Caption-style text data
= Beginning of Section =
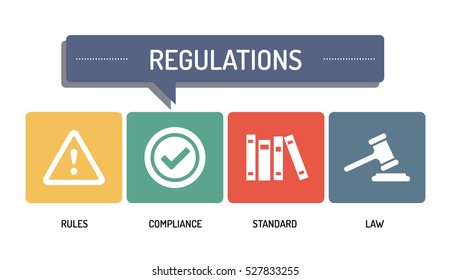 REGULATIONS - ICON SET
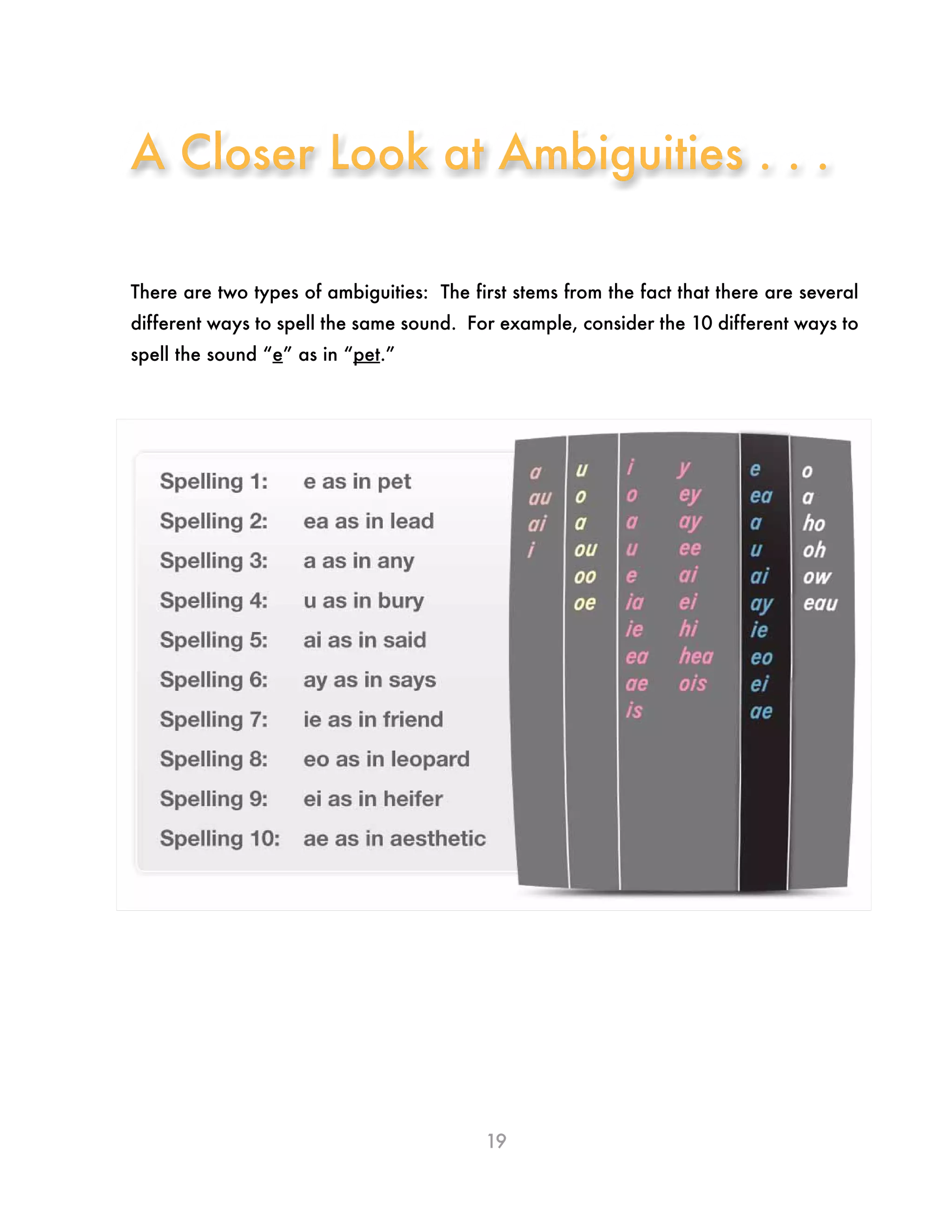 19
There are two types of ambiguities: The first stems from the fact that there are several
different ways to spell the same sound. For example, consider the 10 different ways to
spell the sound “e” as in “pet.”
A Closer Look at Ambiguities . . .
 
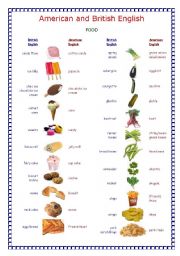 English Worksheet: British and American English: Food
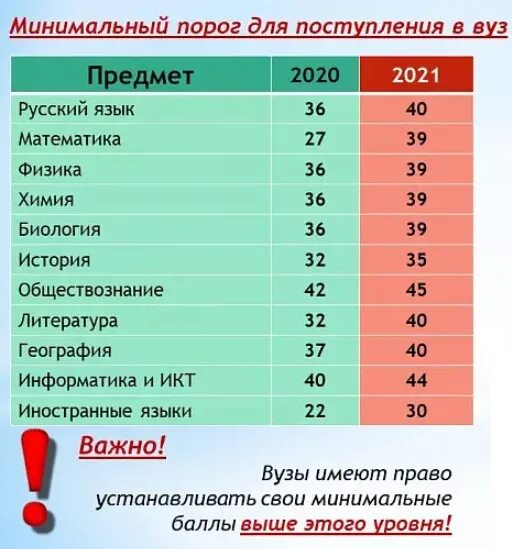 Для вуз сколько нужно набрать. Минимальный порог баллов ЕГЭ. Минимальные баллы вузах. Минимальный проходной балл. Минимальные баллы для поступления в вуз.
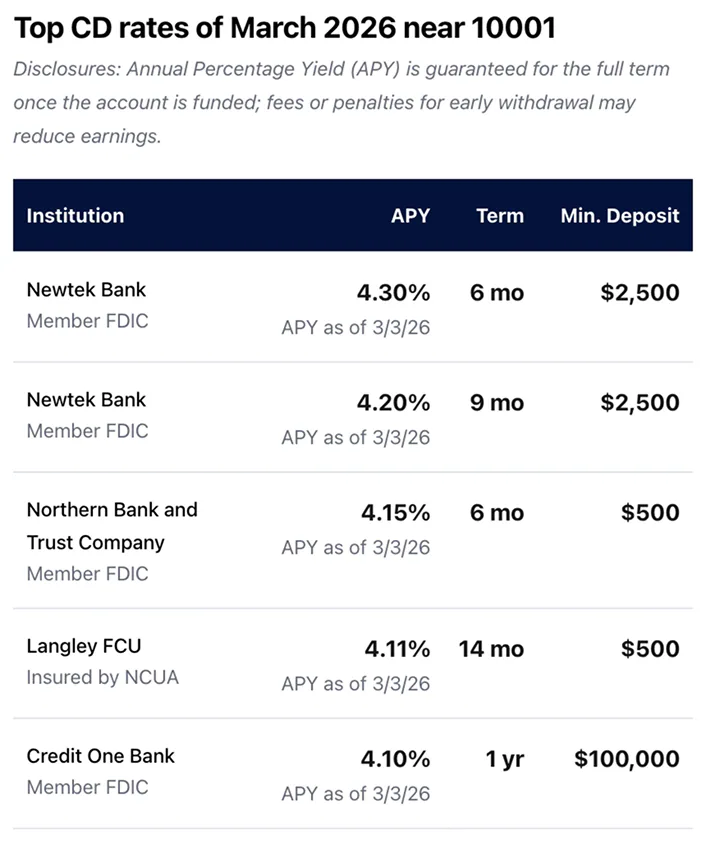 @Bankrate what are the current CD rates in New York City?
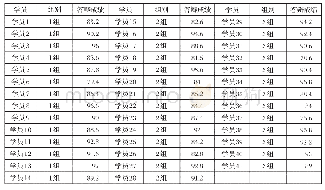 表2 学员想定作业原始答辩成绩表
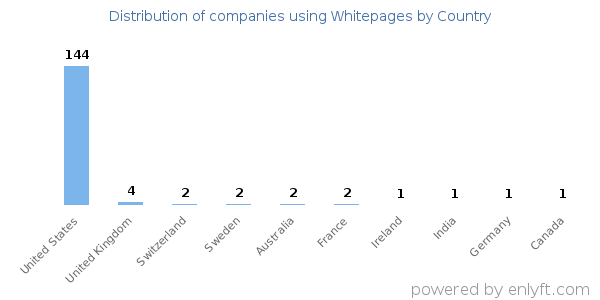 Whitepages customers by country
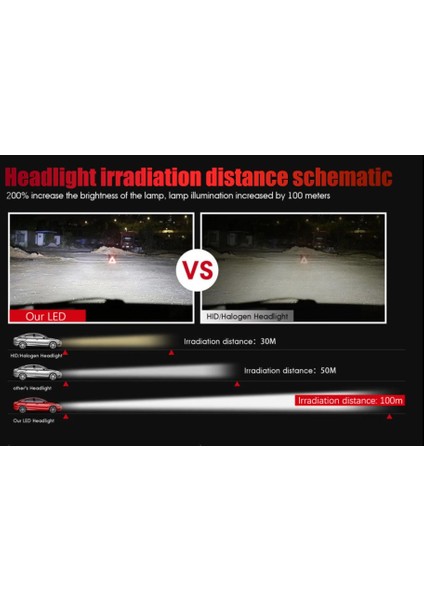 LED Xenon Mini/slim Far Ampülü H7 Şimşek Etkili 8000K, 12.000LM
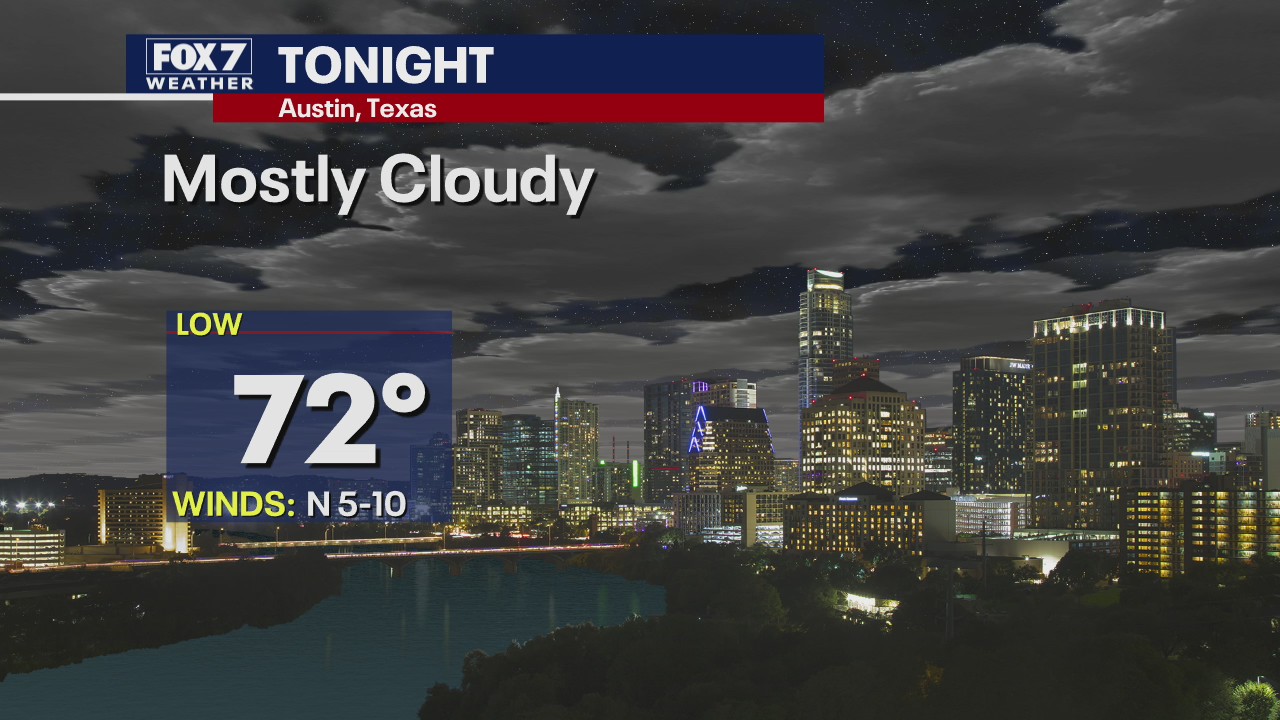 Evening weather forecast for September 14, 2020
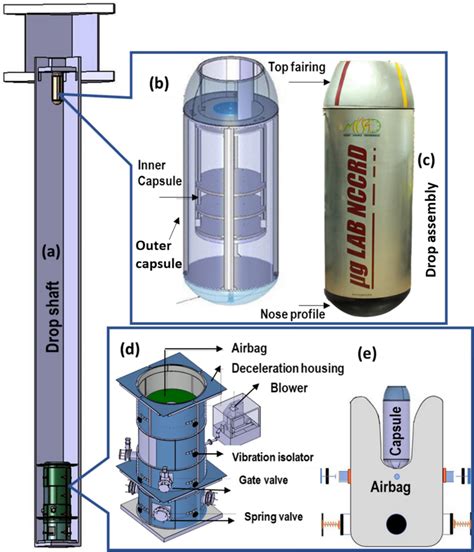 Image result for Drop Tower Design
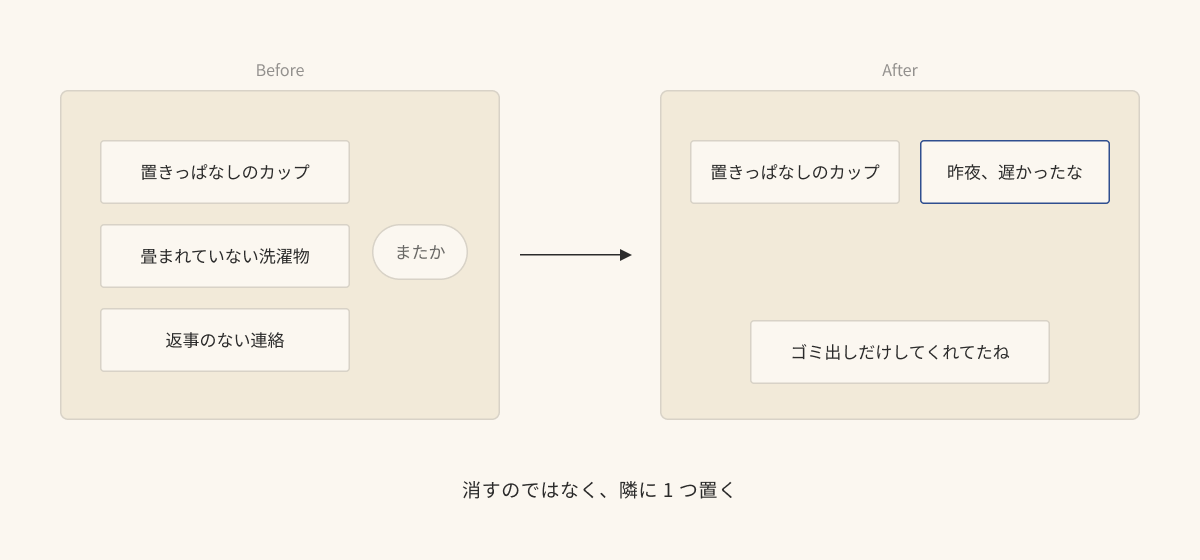 証拠として数え積み上がっていく Before と、同じ付箋の隣にもう 1 つ説明を置く After の対比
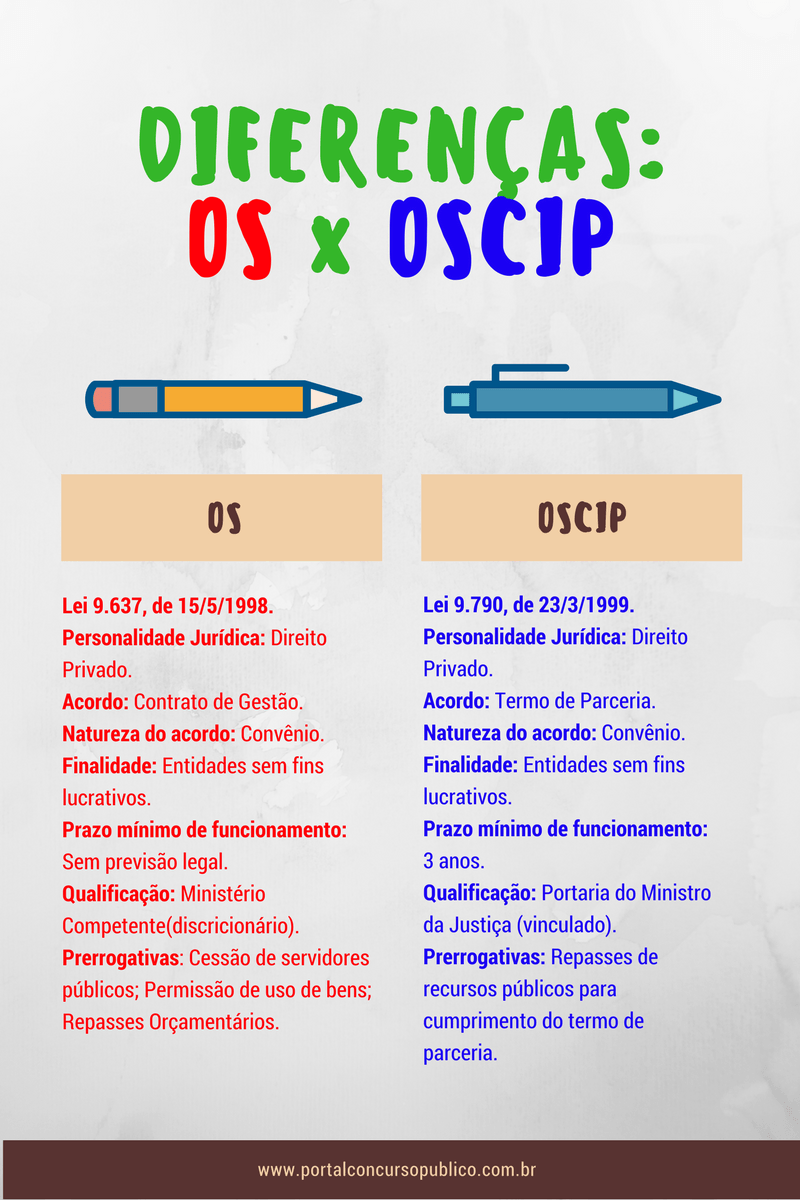 Resultado de imagem para OSCIP OS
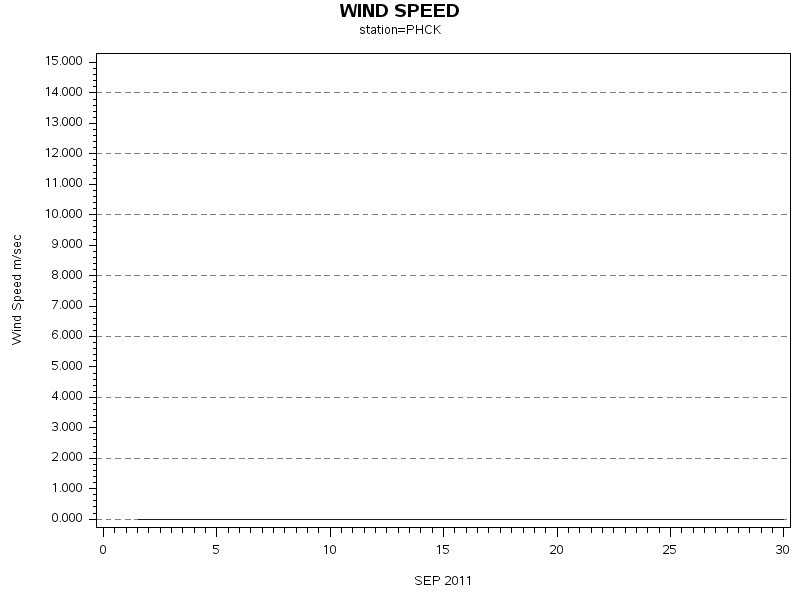 WINDSgraph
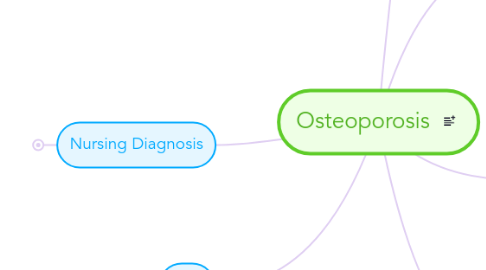 Mind Map: Osteoporosis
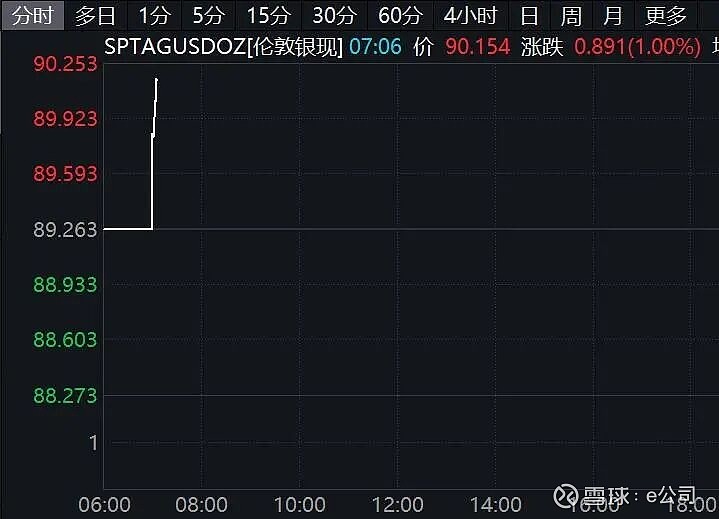 全球风险资产反弹！欧洲股市全面上行，美股期货转涨，A50拉升！白银涨超5%，加密货币大涨，仍有12万人爆仓|盘中速报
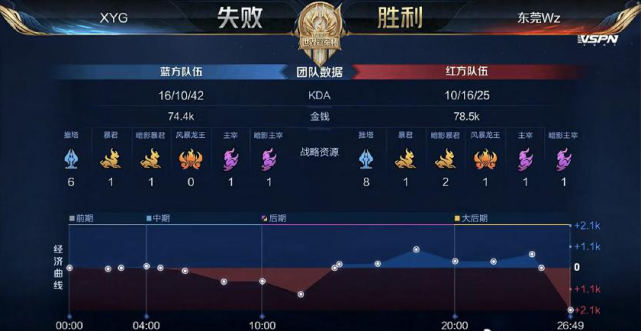 我们提供了 我们提供了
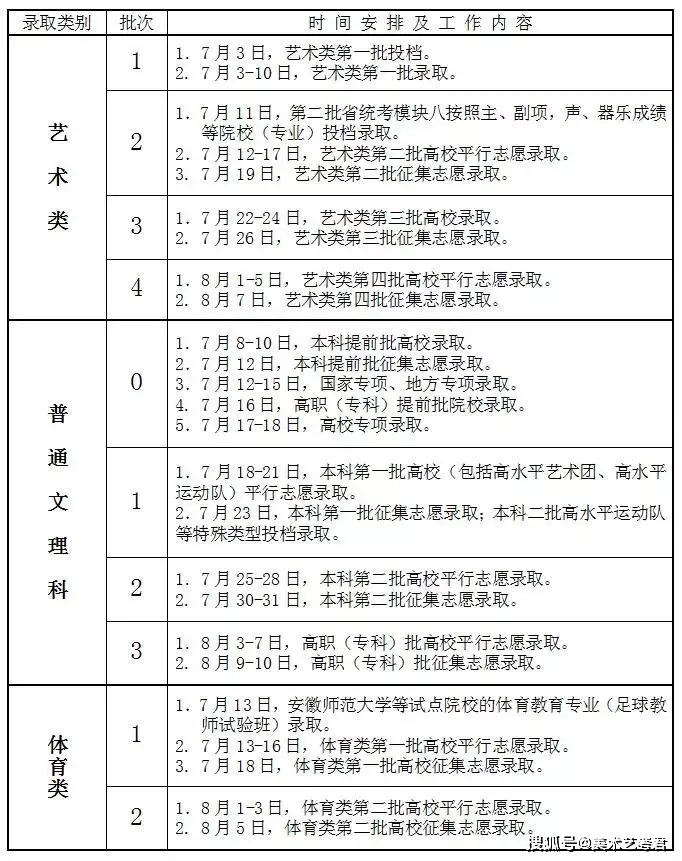 新澳門六和彩開獎結果資料查詢今天,新澳門六和彩開獎結果資料查詢與策略解析，創(chuàng)新策略下的玉版十三行探索（不包含賭博或行業(yè)內容）,數據解析支持設計_詔版28.85.22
= End of Section =
- _HOW TO COMPLETE THIS TASK_
Only the records, copied exactly and without pictures, should make up the answer.

- _WRITTEN ANSWER_
 REGULATIONS - ICON SET
 19
There are two types of ambiguities: The first stems from the fact that there are several
different ways to spell the same sound. For example, consider the 10 different ways to
spell the sound “e” as in “pet.”
A Closer Look at Ambiguities . . .
 
 English Worksheet: British and American English: Food
 Для вуз сколько нужно набрать. Минимальный порог баллов ЕГЭ. Минимальные баллы вузах. Минимальный проходной балл. Минимальные баллы для поступления в вуз.
 @Bankrate what are the current CD rates in New York City?
 表2 学员想定作业原始答辩成绩表
 Whitepages customers by country
 LED Xenon Mini/slim Far Ampülü H7 Şimşek Etkili 8000K, 12.000LM
 Evening weather forecast for September 14, 2020
 Image result for Drop Tower Design
 証拠として数え積み上がっていく Before と、同じ付箋の隣にもう 1 つ説明を置く After の対比
 Resultado de imagem para OSCIP OS
 WINDSgraph
 Mind Map: Osteoporosis
 全球风险资产反弹！欧洲股市全面上行，美股期货转涨，A50拉升！白银涨超5%，加密货币大涨，仍有12万人爆仓|盘中速报
 我们提供了 我们提供了
 新澳門六和彩開獎結果資料查詢今天,新澳門六和彩開獎結果資料查詢與策略解析，創(chuàng)新策略下的玉版十三行探索（不包含賭博或行業(yè)內容）,數據解析支持設計_詔版28.85.22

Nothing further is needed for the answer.